*** EXERCISE MATERIAL
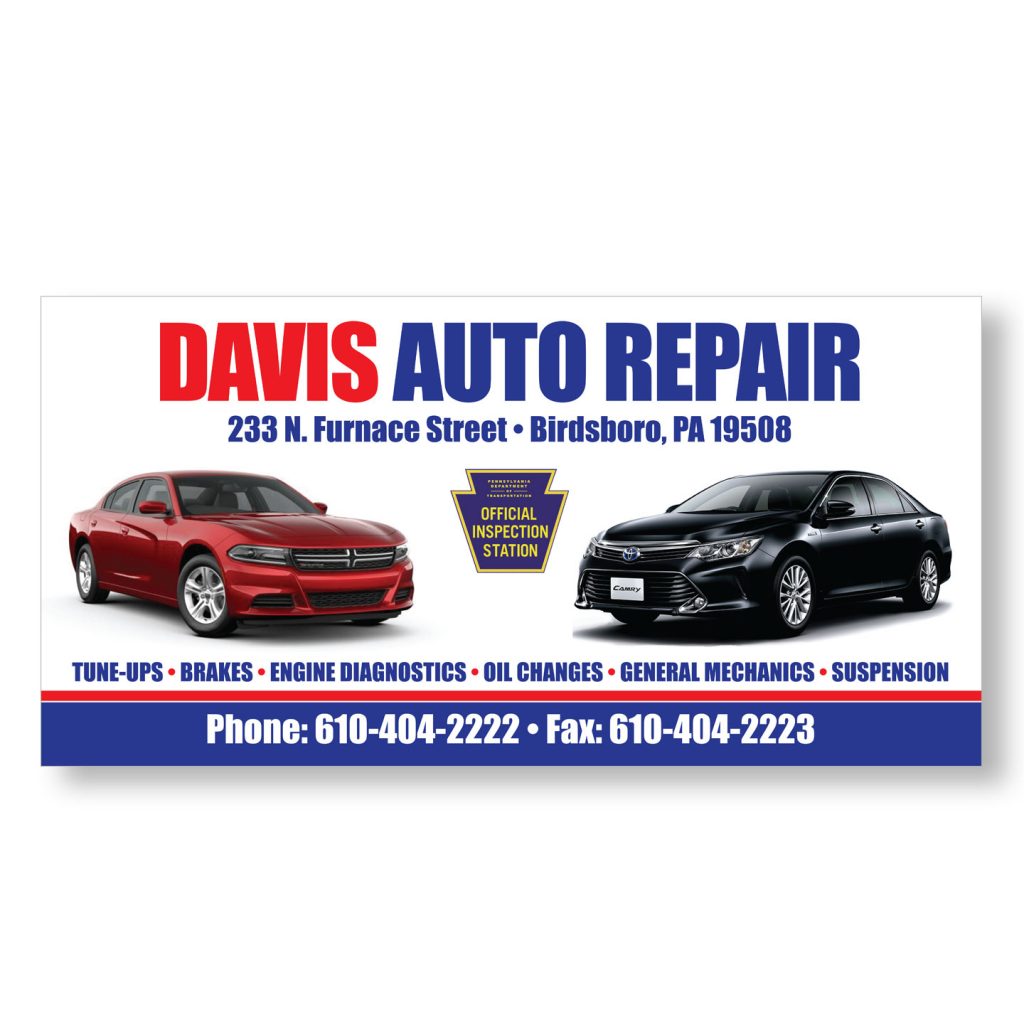 96x48 Davis Auto Repair building signage design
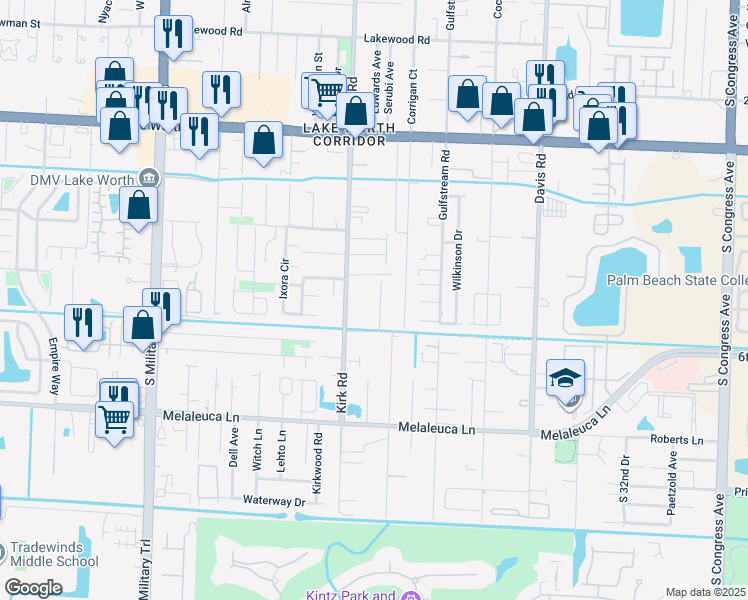 map of restaurants, bars, coffee shops, grocery stores, and more near 4439 Stevens Road in Lake Worth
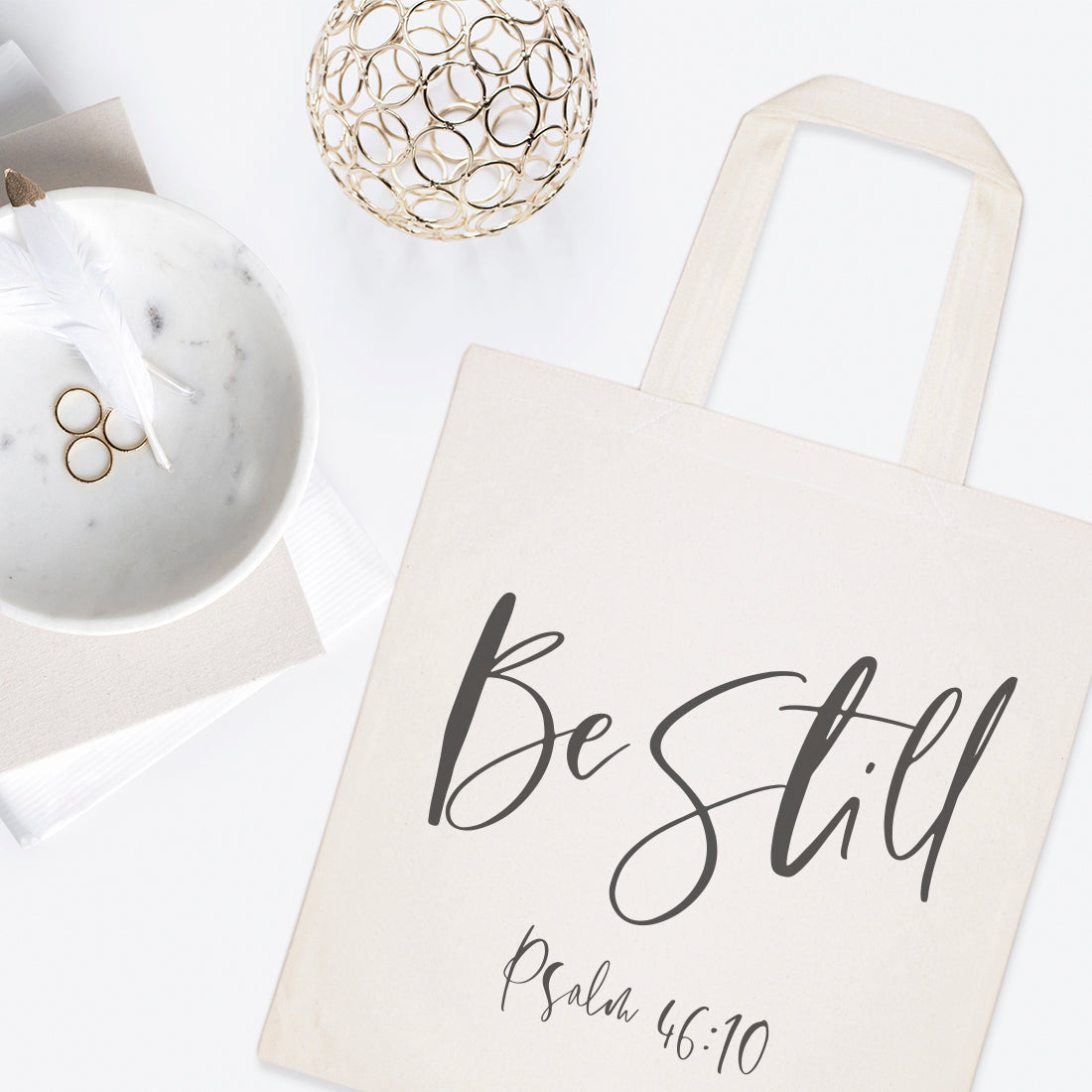 Be Still, Psalm 46:10 Cotton Canvas Tote Bag from The Cotton & Canvas Co.
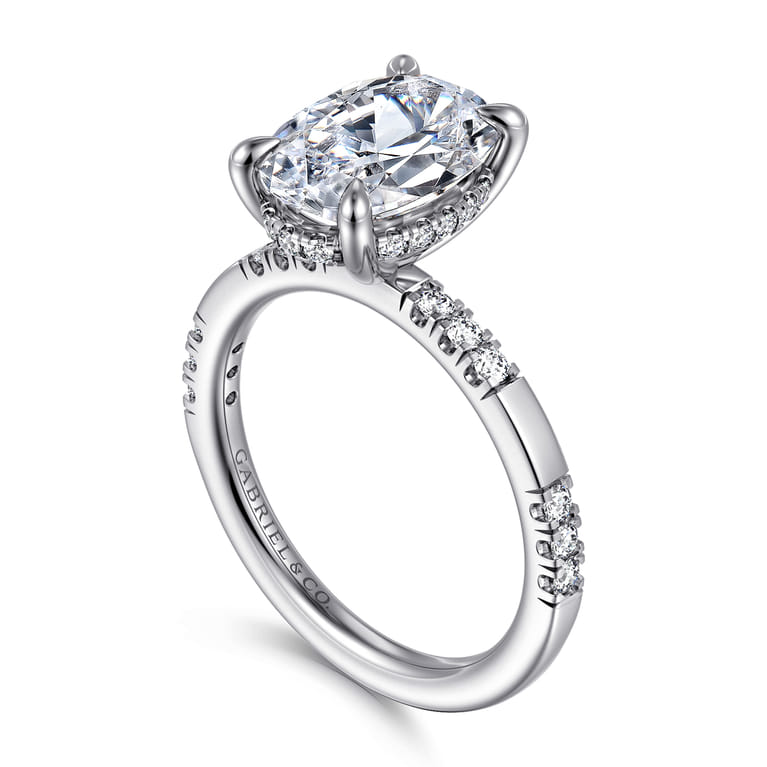 Leandra - 14K White Gold Oval Diamond Engagement Ring - 0.3 ct - Shot 3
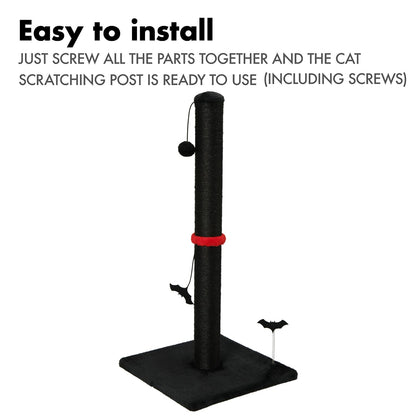 Cat Scratching Post Premium Basics Kitten Scratcher Sisal Scratch Posts with Hanging Ball 22in for Kittens or Smaller Cats (22 inches for Kitten, Beige)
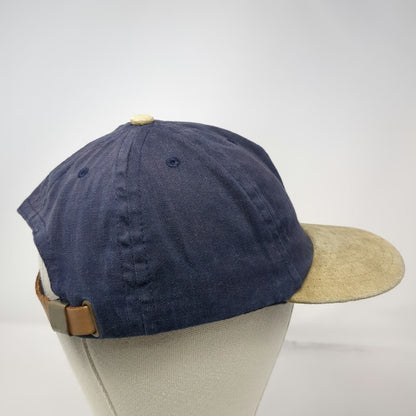 BMW Baseball Cap Blue One Size Leather Strap Suede Brim Motorcycles Logo hat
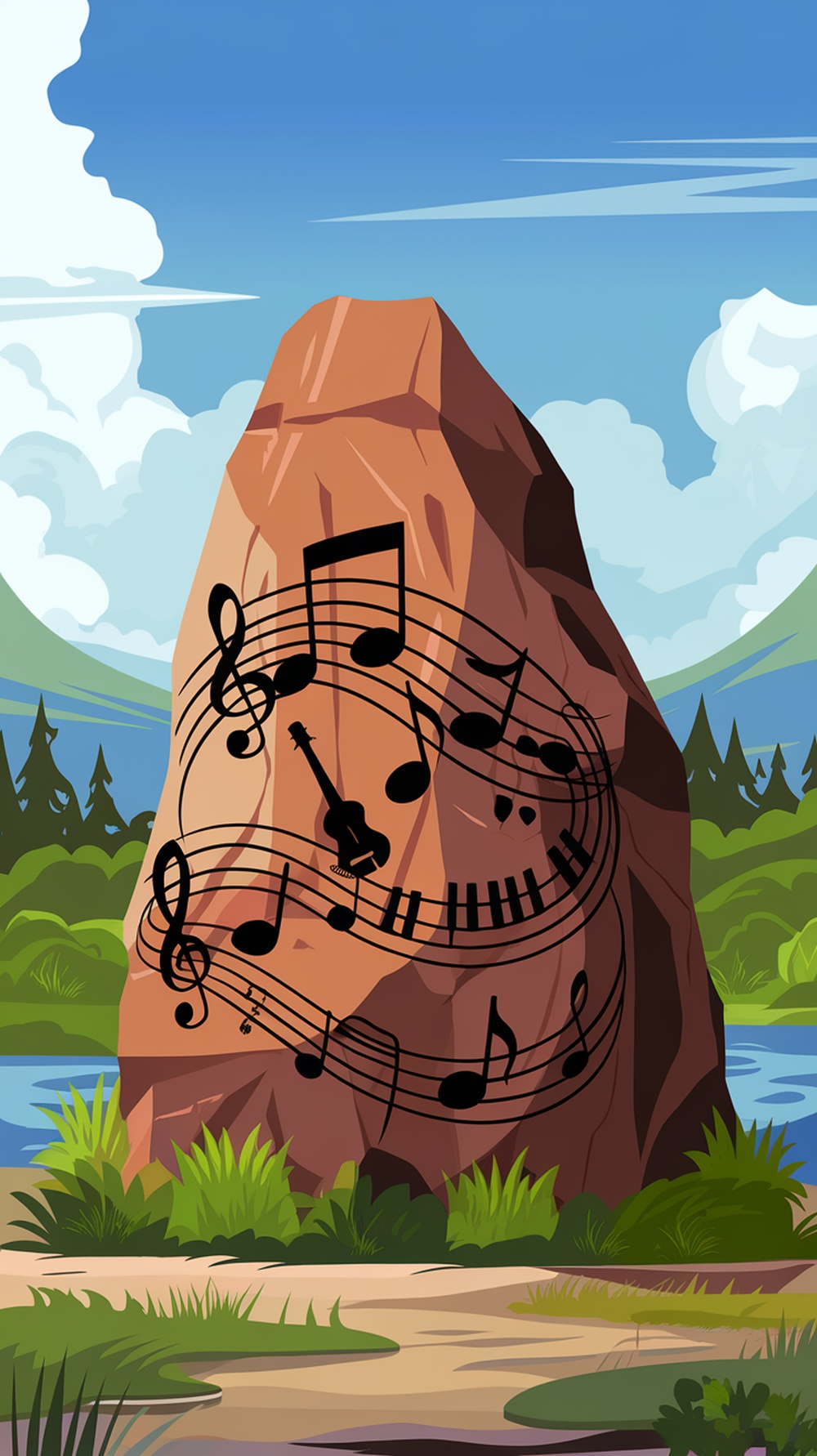 A rock painted with musical notes and a guitar, surrounded by nature.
******
What is needed is an exact copy of only the lines from the line containing "Leandra - 14K" through the last line of the entries, inclusive, without the pictures.

REPLY:
 Leandra - 14K White Gold Oval Diamond Engagement Ring - 0.3 ct - Shot 3
 Cat Scratching Post Premium Basics Kitten Scratcher Sisal Scratch Posts with Hanging Ball 22in for Kittens or Smaller Cats (22 inches for Kitten, Beige)
 BMW Baseball Cap Blue One Size Leather Strap Suede Brim Motorcycles Logo hat
 A rock painted with musical notes and a guitar, surrounded by nature.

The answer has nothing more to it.